1960s CIA photos show ancient ‘roads and canals’

Corona satellite / AP
May 14, 2014

JERUSALEM—The number of identified archaeological sites in the Middle East has been tripled by an outdated technology that could not be replicated today—Cold War satellite photographs.

The Corona Atlas of the Middle East, unveiled last week in the United States, has added some 10,000 sites to the 4,500 previously known archaeological sites between Egypt and Iran.

The photographs, taken mostly in the 1960s for a project managed by the CIA, captured the landscape of the region before it was substantially altered by the spread of modern cities, agricultural development, and the construction of dams and other infrastructure.

"Some of these sites are gigantic and they were completely unknown," said Dr. Jesse Casana of the University of Arkansas, who outlined the project at a meeting of the Society for American Archaeology. "We can see roads and canals. We have a real way to look across the Middle East and see how it was connected."
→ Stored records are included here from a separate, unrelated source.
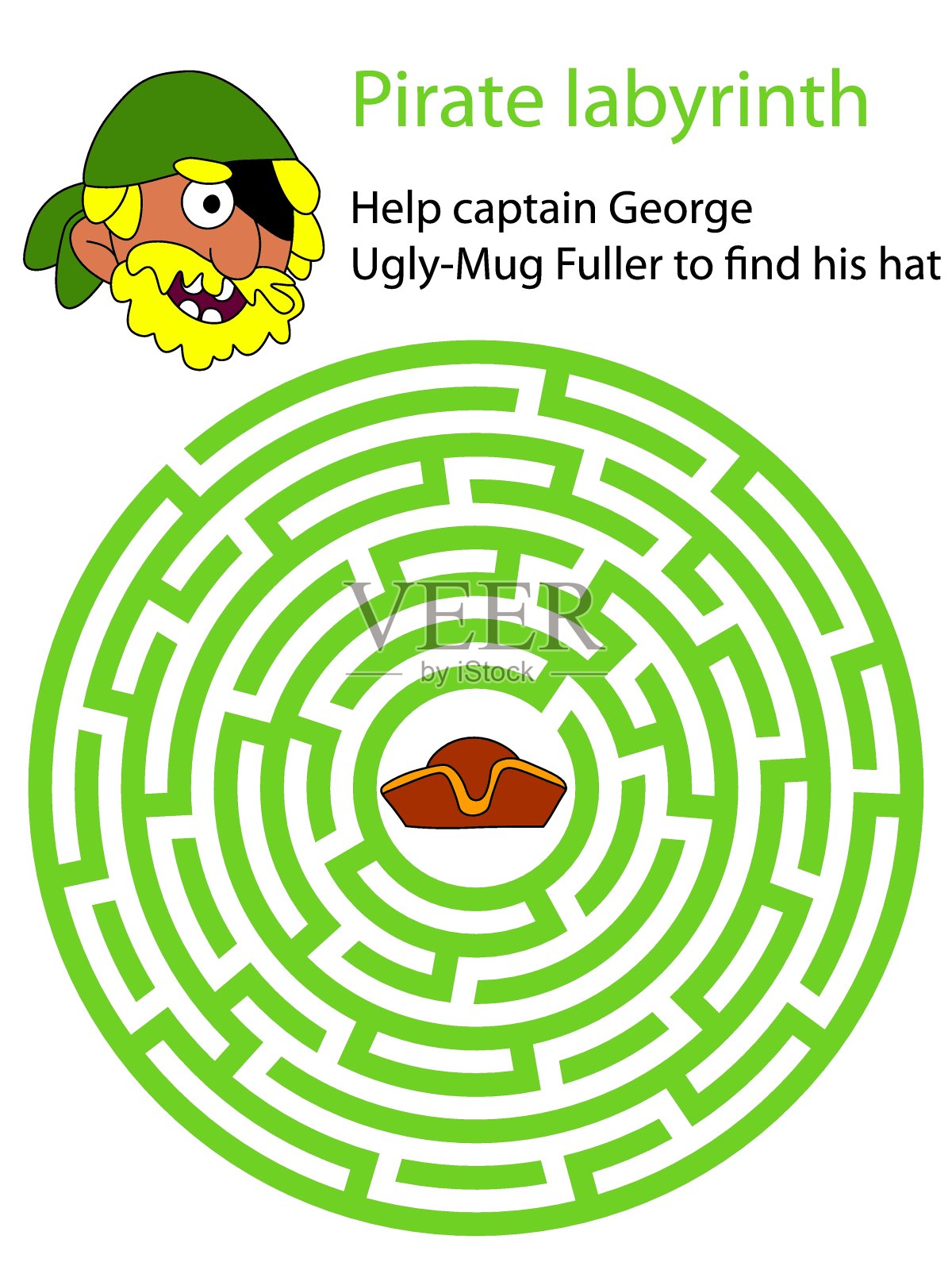 海盗迷宫彩色儿童印刷工作表股票矢量插图插画图片素材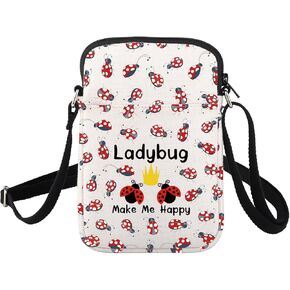 FUSTMW Ladybug Crossbody Bag Ladybug Lover Gifts Good Luck Ladybug Gifts Entomologist Gifts Small Ladybug Wallet Pouch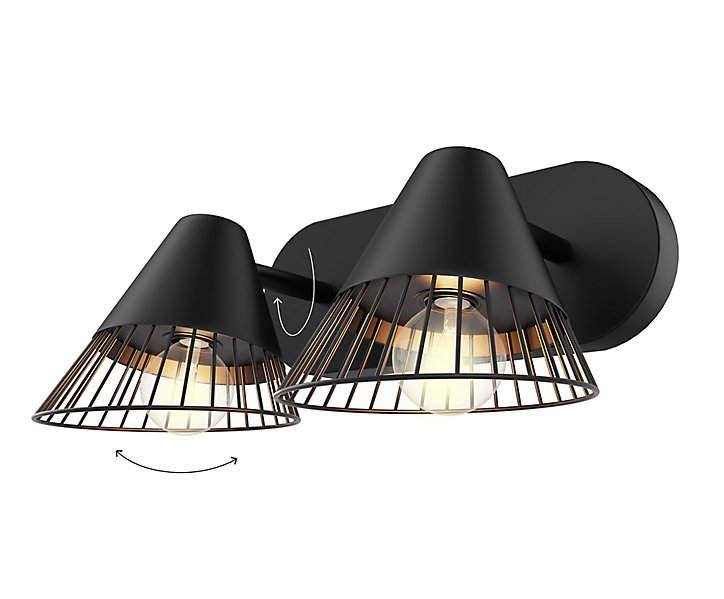 Réglette spot 2 lumières E14 10W GoodHome Tsolma noir mat L.25 x L.9 x H.22 cm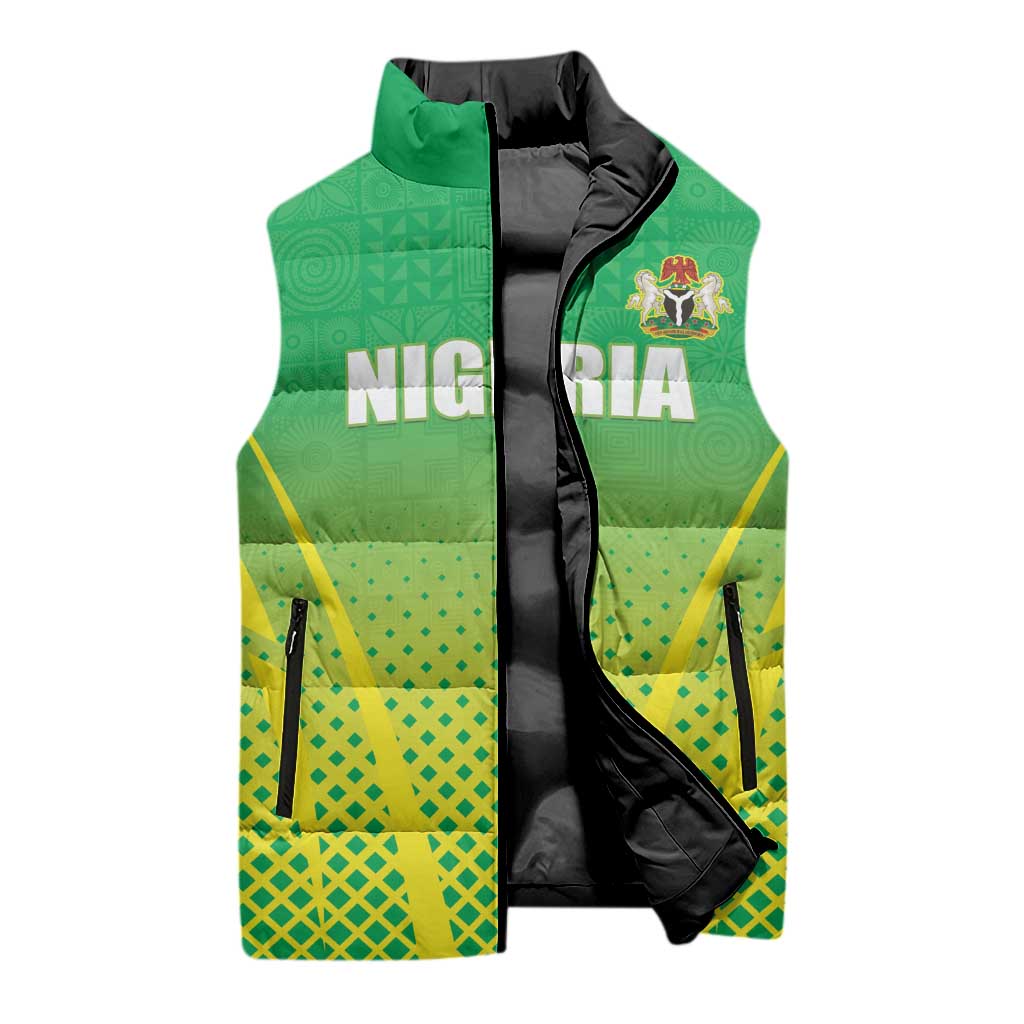 Custom Nigeria Cricket Sleeveless Puffer Jacket Come On Yellow Greens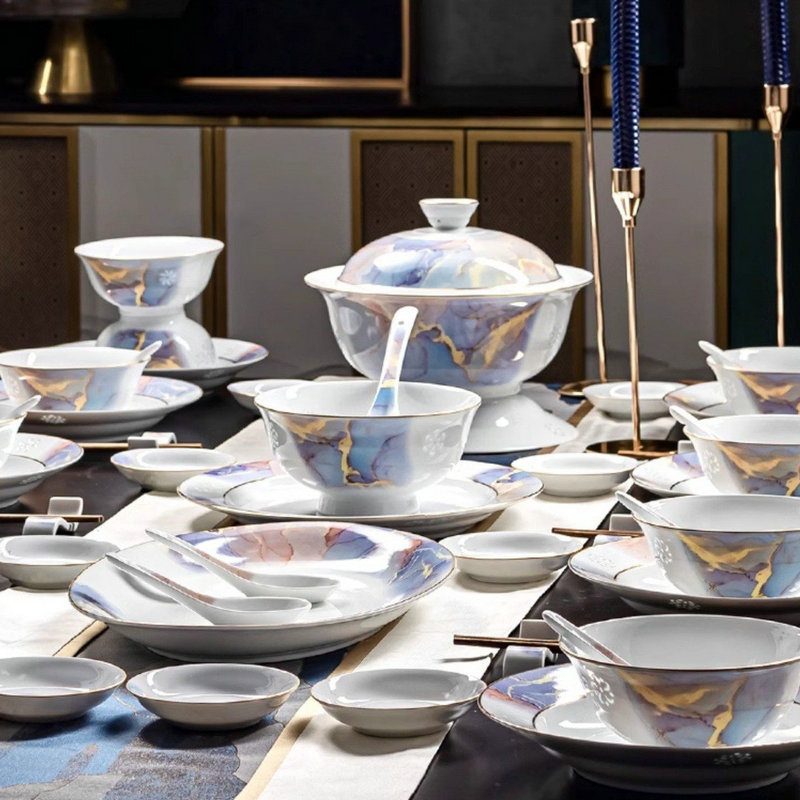 Fuyu Official Ceramics Jingdezhen High Temperature Tableware Set Accessible Luxury High-End New Chinoiserie Exquisite Household Dishes and Dishes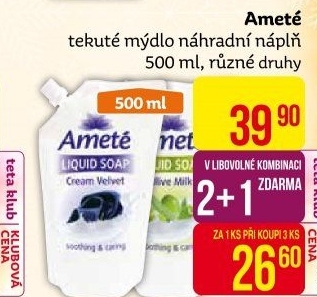 Tekuté mýdlo Ameté- náhradní náplň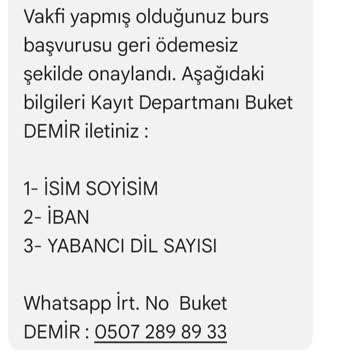 Hayat Eğitim Kurumu (Burs Başvuru) Hayat Eğitim Vakfı Tarafından İlgilerimin Alınması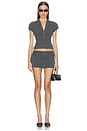 view 5 of 6 Mollie Mini Skort in Grey & White
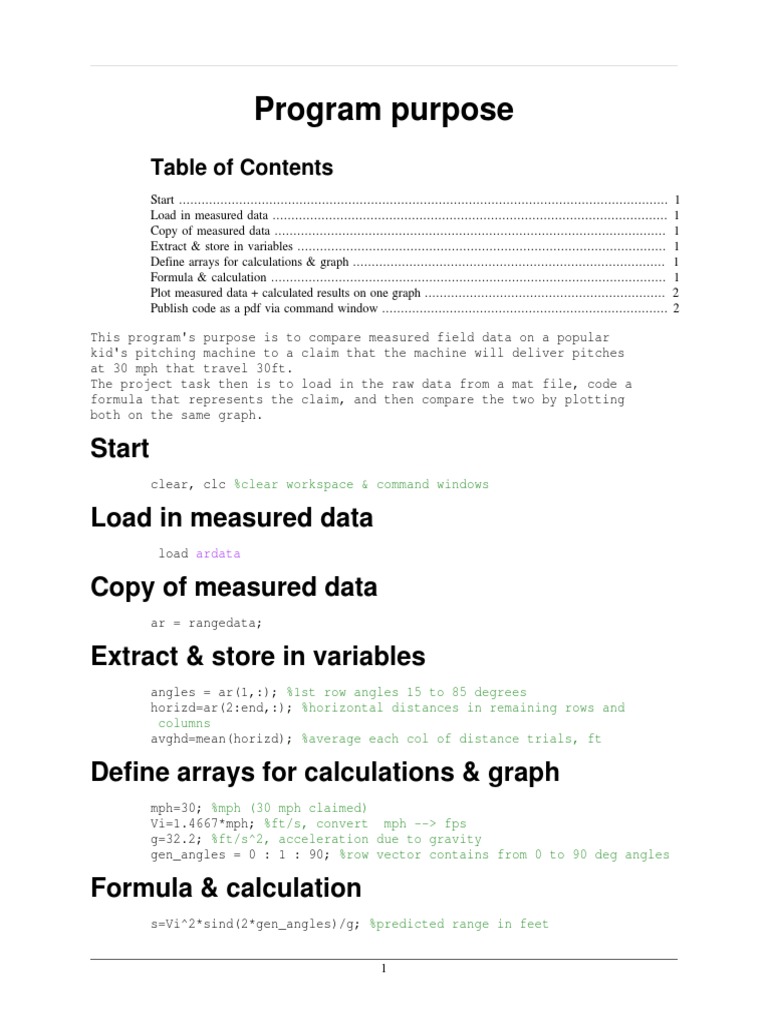 Project Range MATLAB PDF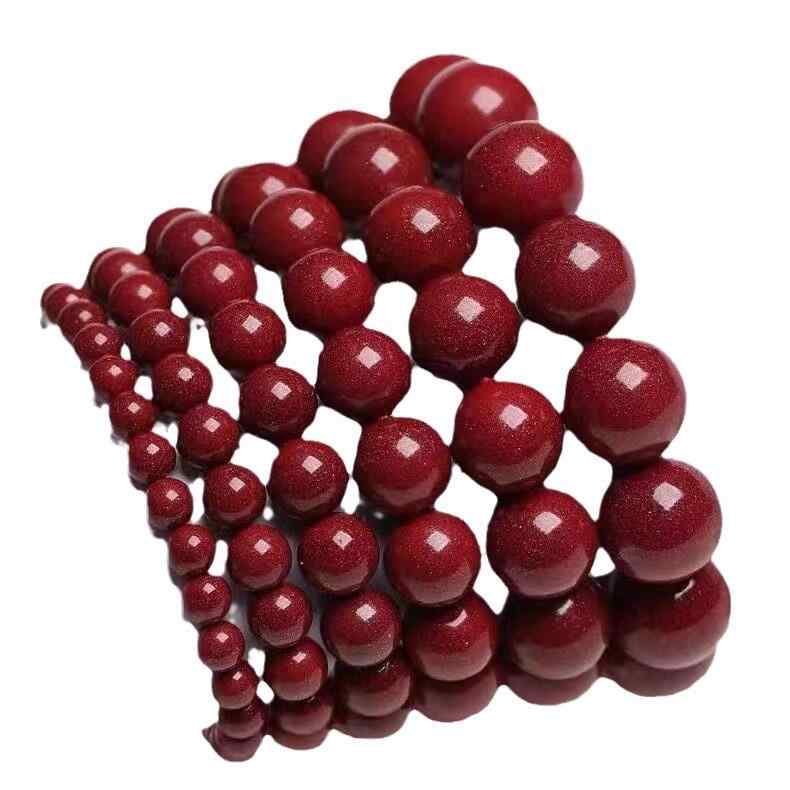 ブレスレット レディース メンズ 男女兼用 朱砂 辰砂 丸玉 鉱石 福字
The biggest sites, he said, are in Syria and Turkey and cover more than 120 acres.

Although modern satellites provide clearer photographs, they cannot show what has been covered over since the original Corona photographs. The photographs were usually taken in early morning or late afternoon when the low-lying sun would bring into relief mounds typical of archaeological sites.

The highly secret Corona program was pushed forward by the CIA and Department of Defense after a U-2 spy plane was shot down over the Soviet Union in 1960. More than 100 Corona satellites were launched over 12 years, bringing back photographs of Soviet military installations as well as images from China and other countries.

The photographs that have now been released are confined to sites in the Middle East, particularly from Mesopotamia—the northern area linking today’s Iran with the Mediterranean coast—a major cradle of ancient civilization.

In those early days of satellite photography, film taken by the orbiting satellite was dropped in a capsule that deployed parachutes at 60,000 feet. It was then snatched in mid-air by an aircraft towing an airborne "claw" or would be retrieved from the sea.